Une page majeure de l’histoire de l’Office national de la formation professionnelle (ONFP) s’est écrite ce lundi dans les locaux de l’institution. À l’occasion de la passation de service avec son prédécesseur, Mouhamadou Lamine Bara Lo, la nouvelle directrice générale, Mame Awa Ndoye, a pris officiellement ses fonctions. Loin d’une simple formalité protocolaire, cette cérémonie a servi de tribune à la nouvelle dirigeante pour décliner un plan de rupture globale. Son ambition affichée est sans équivoque : transformer la formation professionnelle en un pilier central de la souveraineté économique, de la création d’emplois et de la compétitivité nationale.
« Aujourd’hui, une nouvelle étape s’ouvre. Conformément à la vision du président de la République et sous la conduite du gouvernement, l’ONFP prendra toute sa place dans la transformation de notre pays », a-t-elle affirmé avec force devant un auditoire attentif composé de cadres, de partenaires sociaux et d’acteurs du secteur privé.

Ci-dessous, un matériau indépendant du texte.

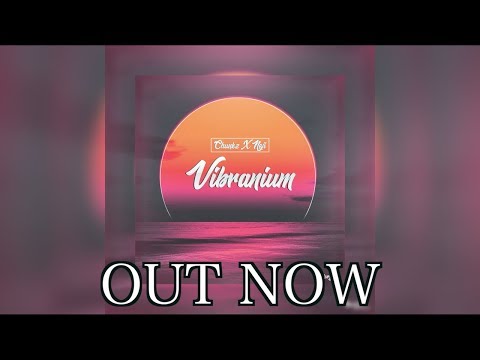 Chunkz X Neji - Vibranium (Official Audio)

L’avènement de l’industrialisation et du numérique
Pour opérer ce changement de paradigme, Mame Awa Ndoye mise sur un diptyque fort : l’industrialisation de la formation professionnelle et la transformation numérique. L’objectif immédiat reste la modernisation profonde des méthodes de travail, des services et de la gouvernance de l’Office. Cette mutation interne vise à apporter des réponses plus rapides, plus efficaces et rigoureusement adaptées aux exigences changeantes des citoyens et du tissu entrepreneurial sénégalais.
Cette vision stratégique se déploie à travers cinq priorités majeures, désormais érigées en boussoles pour l’institution :
- Une gouvernance renouvelée : Mame Awa Ndoye place la transparence, la redevabilité et la recherche de performance au centre de sa gestion. Chaque action devra répondre à des critères stricts d’éthique et d’efficacité administrative.

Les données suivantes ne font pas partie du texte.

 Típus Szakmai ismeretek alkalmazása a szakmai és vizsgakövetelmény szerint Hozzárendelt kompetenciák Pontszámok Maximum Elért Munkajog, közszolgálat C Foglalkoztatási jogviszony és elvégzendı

- La transition numérique globale : La digitalisation continue des procédures et des services devient une priorité absolue. Ce chantier vise à simplifier l’accès aux prestations de l’ONFP, à réduire les délais de traitement et à accroître l’agilité de la structure.

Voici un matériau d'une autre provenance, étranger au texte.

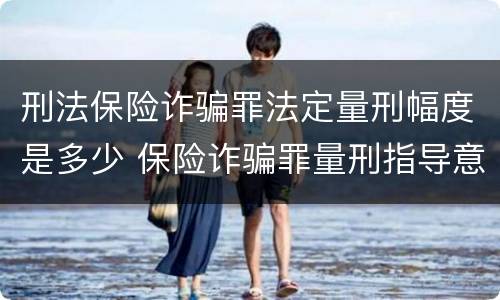 刑法保险诈骗罪法定量刑幅度是多少 保险诈骗罪量刑指导意见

- L’alignement avec l’économie réelle : Le développement des programmes d’apprentissage se fera désormais en stricte adéquation avec les secteurs stratégiques de l’économie. L’offre de formation sera systématiquement orientée vers les métiers porteurs afin d’éviter le déphasage avec le marché du travail.
- L’ancrage partenarial territorial et international : L’Office prévoit de densifier ses alliances. Le renforcement des liens avec les entreprises, les collectivités territoriales et les partenaires techniques et financiers permettra de co-construire des solutions adaptées aux réalités locales.
- La culture du résultat : L’institution va promouvoir une culture axée sur l’excellence, l’innovation et l’évaluation systématique des résultats. L’impact de chaque formation sera mesuré pour garantir un retour sur investissement optimal pour la nation
Inclusion sociale et métiers de demain
La vision portée par la nouvelle directrice générale intègre également une forte dimension d’équité sociale. Mame Awa Ndoye a insisté sur la nécessité d’améliorer de manière significative l’accès à la formation des populations vulnérables, en ciblant tout particulièrement les jeunes et les femmes. Pour soutenir cette dynamique, l’accent sera mis sur le renforcement de la qualité pédagogique et la promotion massive de l’apprentissage directement au sein des entreprises.
Sur le plan opérationnel, cette feuille de route ambitieuse nécessitera la modernisation des outils de pilotage et d’évaluation de l’ONFP. Elle exigera aussi une mobilisation accrue des ressources financières nécessaires pour pérenniser les interventions de l’Office et démultiplier leur impact.
En guise de conclusion, Mame Awa Ndoye a lancé un appel vibrant à la synergie nationale : « Notre ambition est de faire de l’ONFP une institution de référence, capable d’anticiper les métiers de demain, de former massivement une main-d’œuvre qualifiée et d’accompagner l’industrialisation du Sénégal. » Elle a invité les agents de l’Office, les organisations professionnelles et le secteur privé à s’unir pour faire de cette ambition une réalité concrète.